Besides all this, he bought every thing for the performances, and charged what he pleased for it; and he received in person the money at the door, and rendered what account of the sum he thought proper. Thus he contrived so to manage it that the shares of the actors might, without much exaggeration, be compared to those which the Lion in the fable allowed to his subject beasts, who hunted down the prey for him. It is to practices of this kind, and not to the indifference of the people of England to theatrical exhibitions, the distresses of itinerant actors, for ages proverbial, are to be ascribed. It is this, which drives so many of them to humiliating and often disreputable expedients for the support of life; and subjects the whole body, on their account, to the contempt and derision of a stupid, ignorant and unfeeling population. Among those victims of managerial fraud and cunning, there are many men of genius, sterling worth and exalted sentiment, who for years, nay some for their whole lives, languish in penury, and in circumstances the most afflicting; not in obscurity, for in their situation obscurity were comparative comfort, but in visible, broad day-light humiliation-in elevated misery;-as actors, for their hour admired and applauded on the stage; as men, contemned and neglected, because in distress.

But, to return to our subject.

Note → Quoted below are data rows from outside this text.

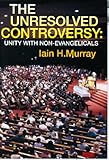 The unresolved controversy : unity with non-Evangelicals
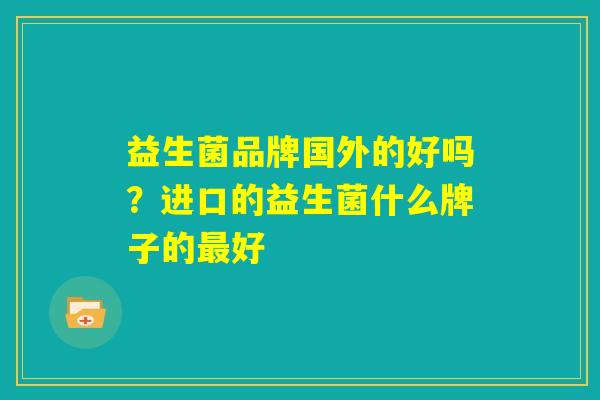 益生菌品牌国外的好吗?进口的益生菌什么牌子的最好 益生菌品牌国外的好吗?进口的益生菌什么牌子的最好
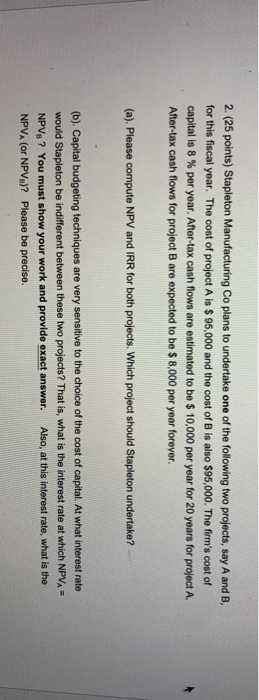  2. (25 points) Stapleton Manufacturing Co plans to undertake one of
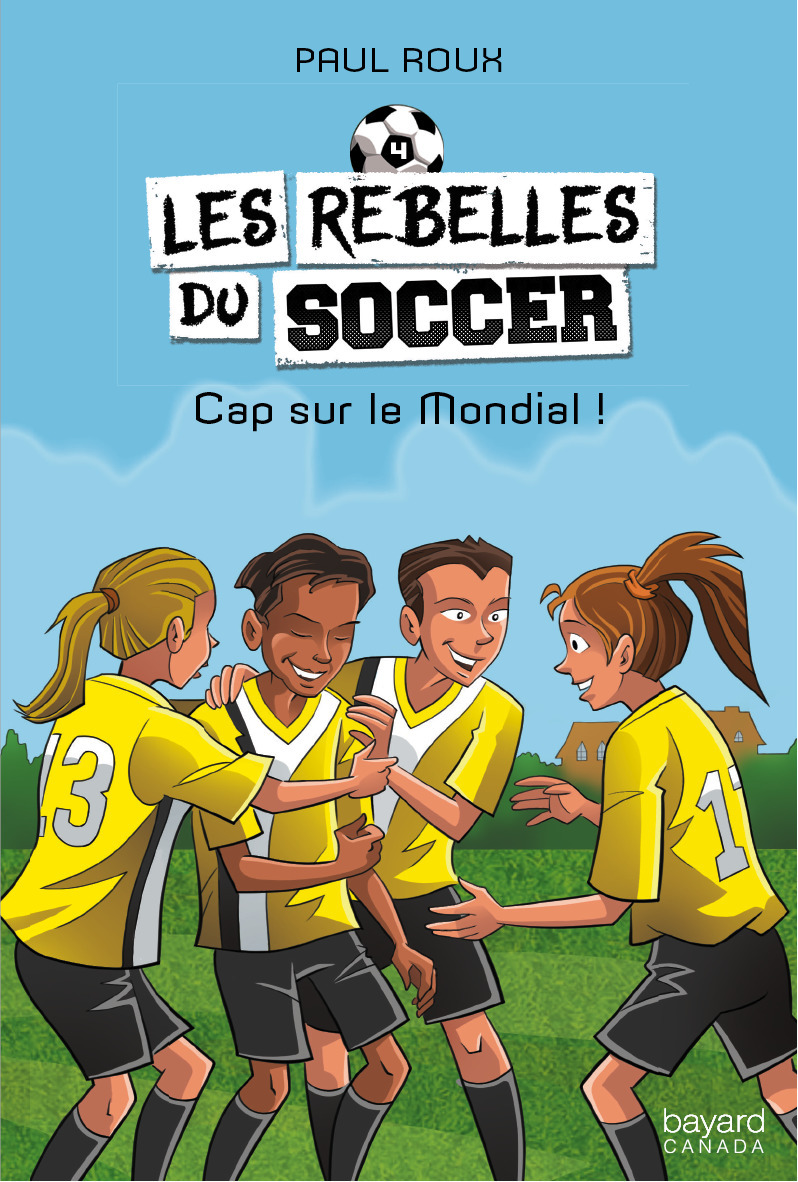 Couverture ebook de Cap sur le Mondial!, de Roux Paul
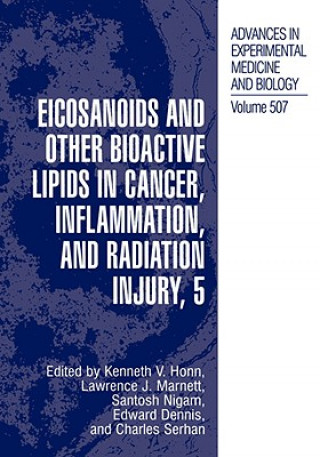 Book Eicosanoids and Other Bioactive Lipids in Cancer, Inflammation, and Radiation Injury, 5 Kenneth V. Honn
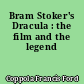 Bram Stoker's Dracula : the film and the legend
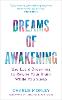 Dreams of Awakening (Revised Edition)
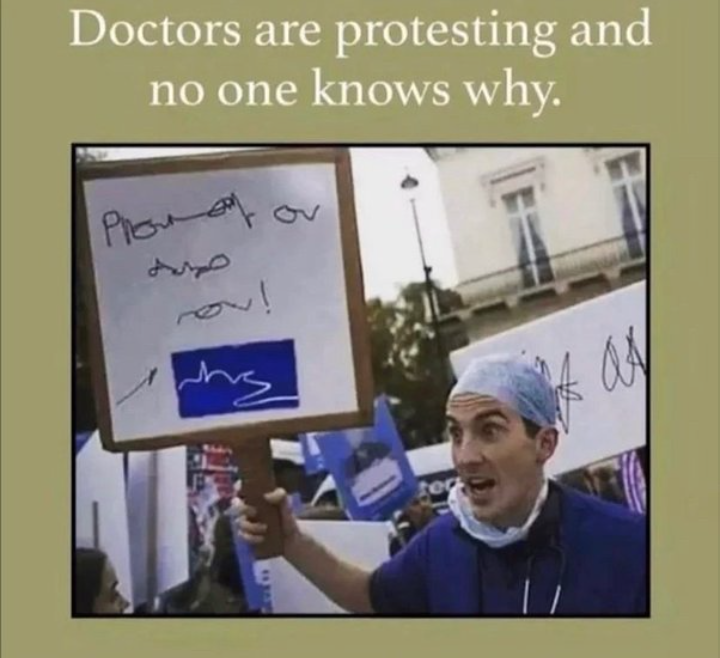 Doctors Are Protesting And No One Knows Why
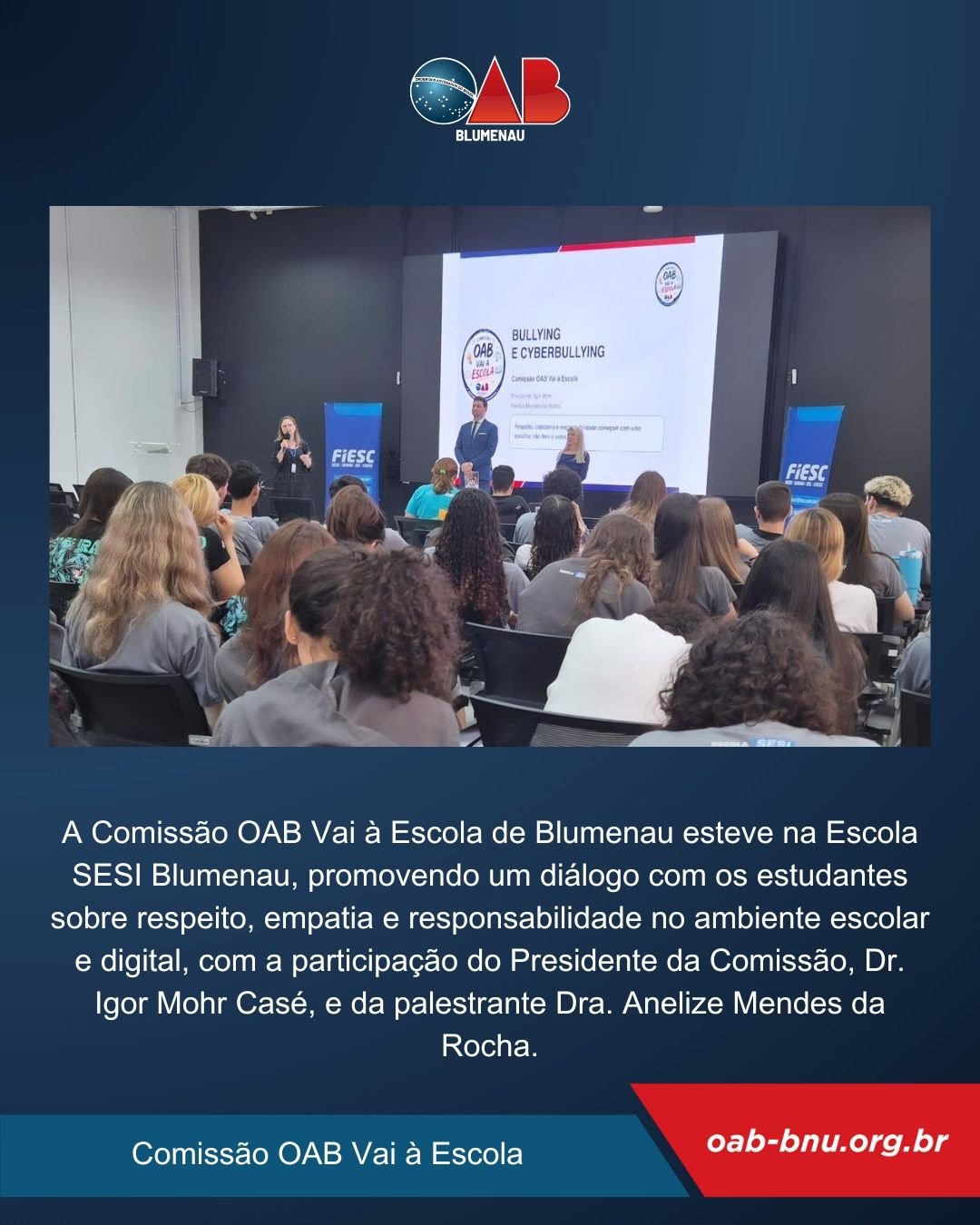 Comissão OAB Vai à Escola leva debate sobre bullying e cyberbullying a estudantes da Escola SESI Blumenau
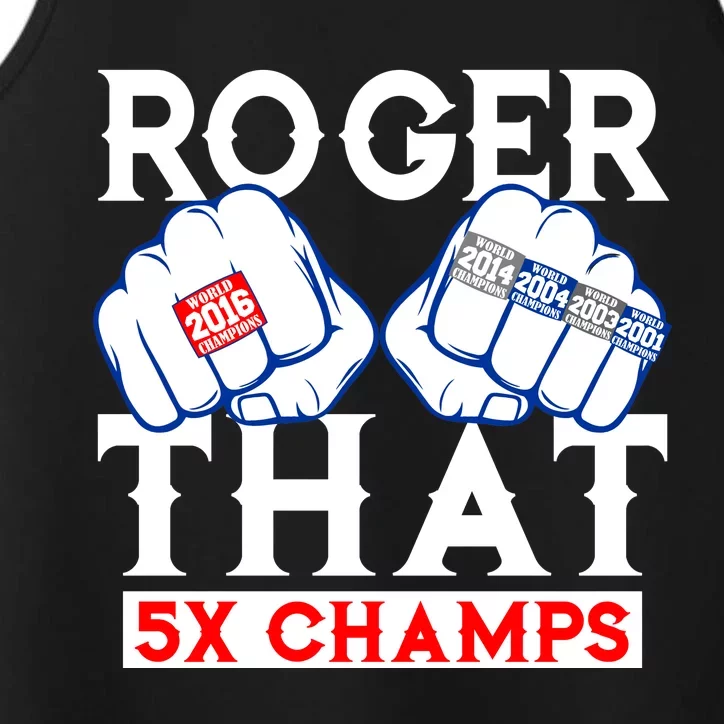 Roger That 5 Time World Champions Rings Performance Tank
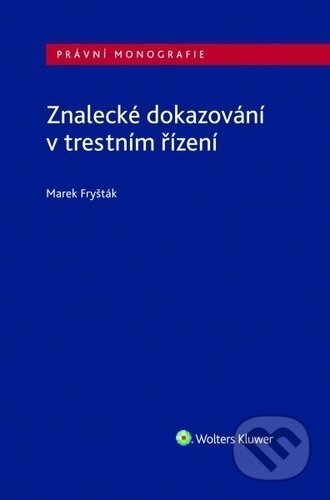 Znalecké dokazování v trestním řízení - Marek Fryšták - kniha z kategorie Daně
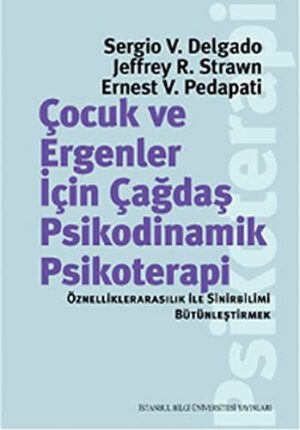 Çocuk ve Ergeneler İçin Çağdaş Psikodinamik Psikoterapi; Öznelliklerarasılık ile Sinirbilimi Bütünleştirmek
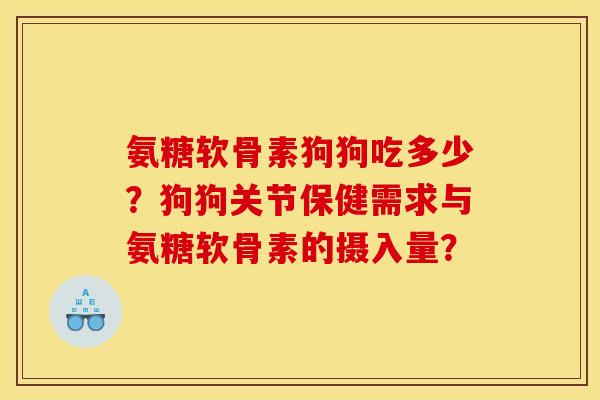 氨糖软骨素狗狗吃多少？狗狗关节保健需求与氨糖软骨素的摄入量？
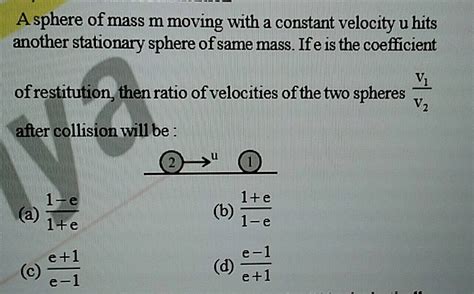 A Sphere Of Mass M Moving With A Constant Velocity U Hits Another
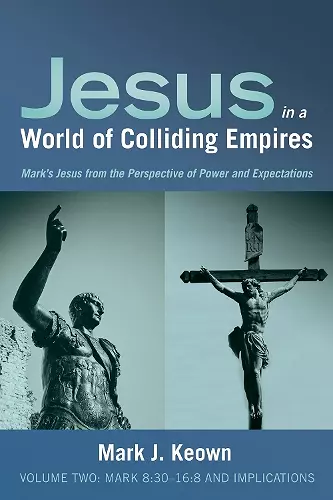 Jesus in a World of Colliding Empires, Volume Two cover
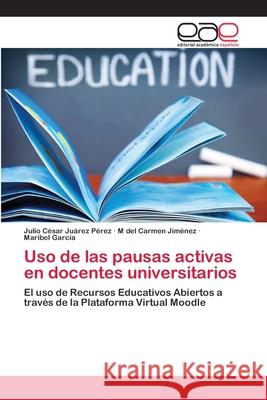 Uso de las pausas activas en docentes universitarios Juárez Pérez, Julio César 9786202257640 Editorial Académica Española - książka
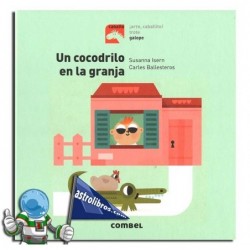 Un cocodrilo en la granja | Lehen irakurleak Un cocodrilo en la granja | Lehen irakurleak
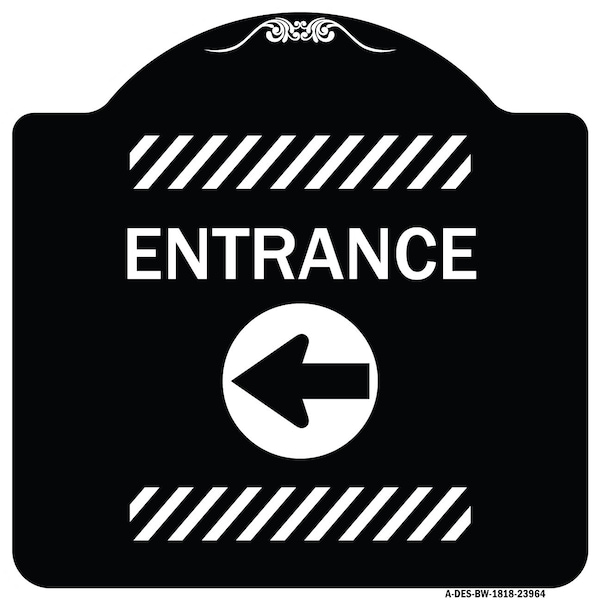 Signmission Entrance Left Arrow Heavy-Gauge Aluminum Architectural Sign, 18" H, BW-1818-23964 A-DES-BW-1818-23964 - main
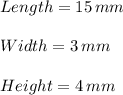 Length=15\,mm\\ \\Width=3\,mm\\\\Height=4\,mm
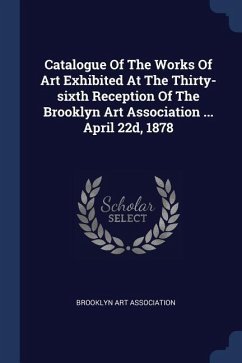 Catalogue Of The Works Of Art Exhibited At The Thirty-sixth Reception Of The Brooklyn Art Association ... April 22d, 1878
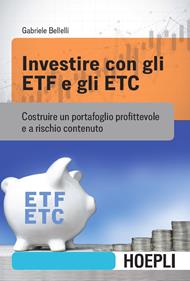 Investire con gli ETF e gli ETC. Costruire un portafoglio profittevole e a rischio contenuto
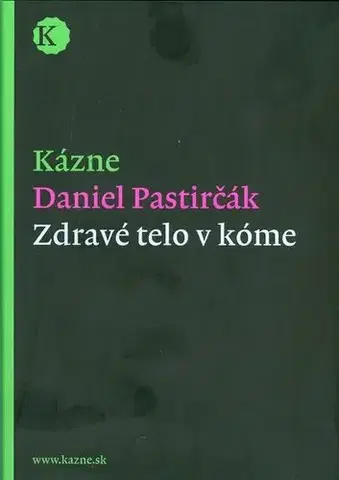 Kresťanstvo Kázne. Zdravé telo v kóme - Daniel Pastirčák
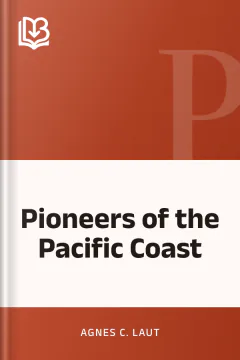 Pioneers of the Pacific Coast - Agnes C. Laut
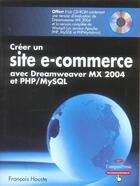 Couverture du livre « Creer Un Site E-Commerce Avec Dreamweaver Mx 2004 Et Php/Mysql » de Houste/Francois aux éditions Pearson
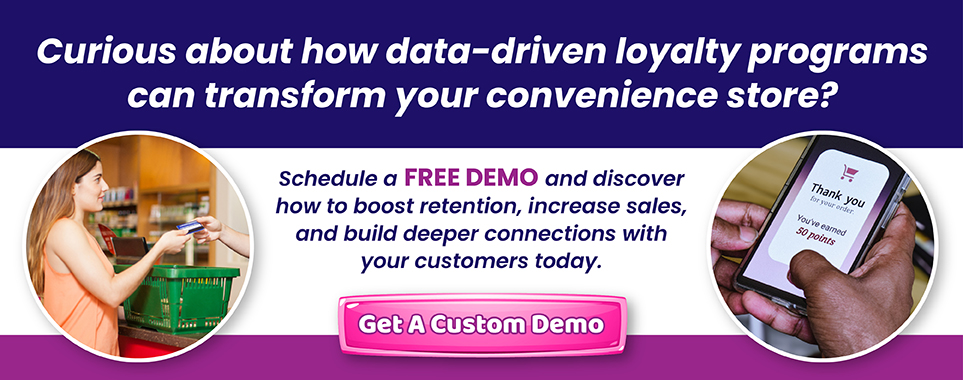 Boost Sales and Loyalty at Your C-Store with a Free Demo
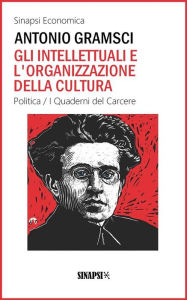 Title: Gli intellettuali e l'organizzazione della cultura: I Quaderni del Carcere, Author: Antonio Gramsci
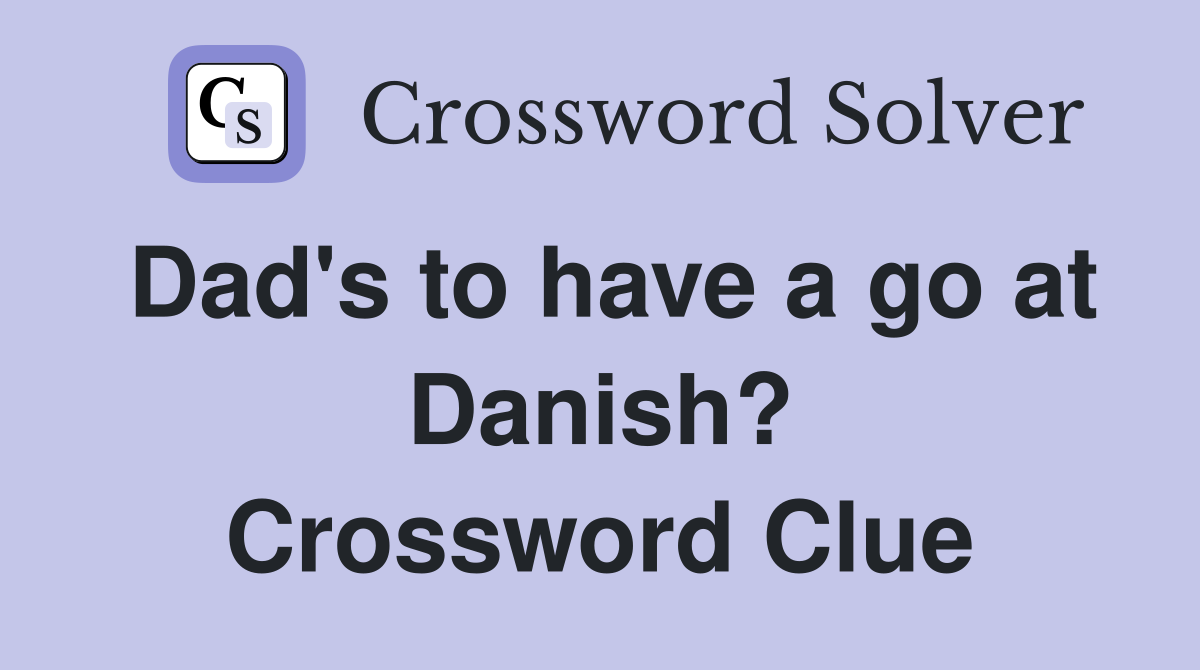 Dad's to have a go at Danish? Crossword Clue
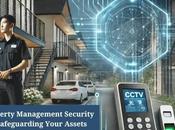 Enhancing Property Security Protecting Your Assets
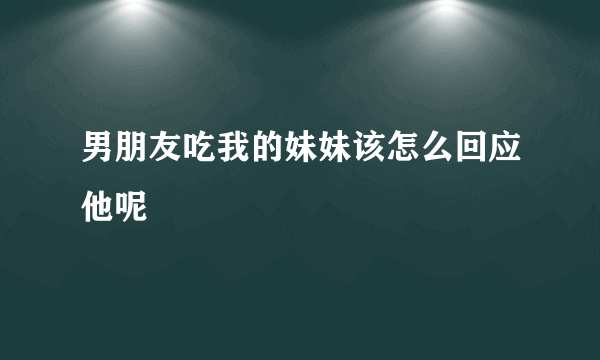 男朋友吃我的妹妹该怎么回应他呢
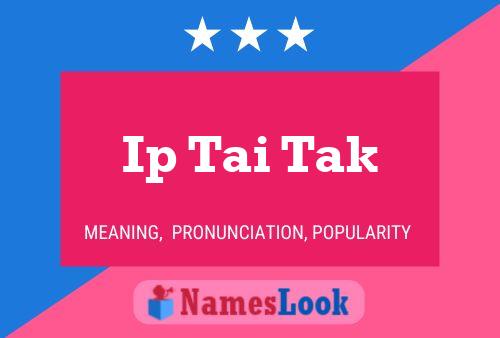 Póster del nombre Ip Tai Tak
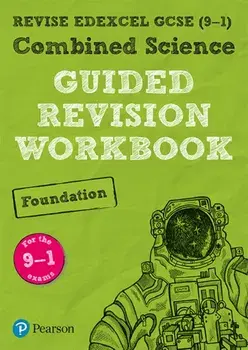 Pearson REVISE Edexcel GCSE (9-1) Combined Science Foundation Guided Revision Workbook. for home learning, 2022 and 2023 assessments and exams, Paperback/***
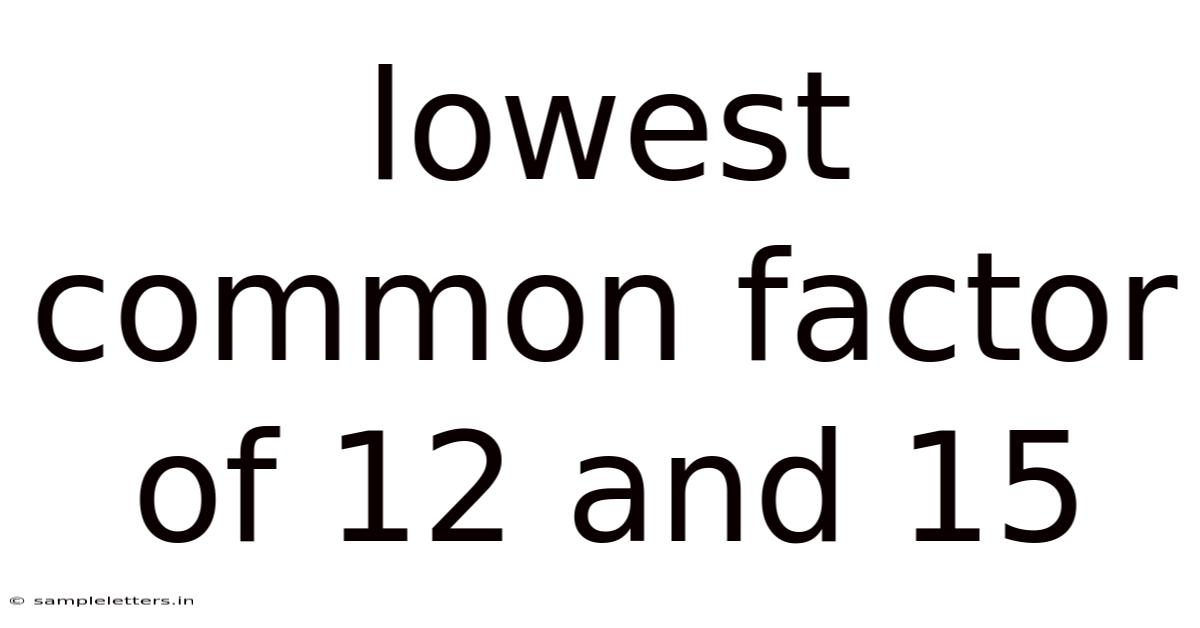 Lowest Common Factor Of 12 And 15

Elated to rapture with the applause he had received in young Norval, our young candidate for fame returned to Bath; where, having informed his father and mother of the step he had taken, and the success he had met with, and thereby smoothed the reluctant brow of parental authority, he applied himself with unremitted earnestness and industry to the study of some characters in which he hoped soon to establish still higher claims to the applause of the public; being determined to make as soon as possible another attempt, and to plant his foot firmly and permanently upon the stage. He had not been long engaged thus, when he was interrupted by Biggs, who unexpect edly arrived at Bath and desired to see him.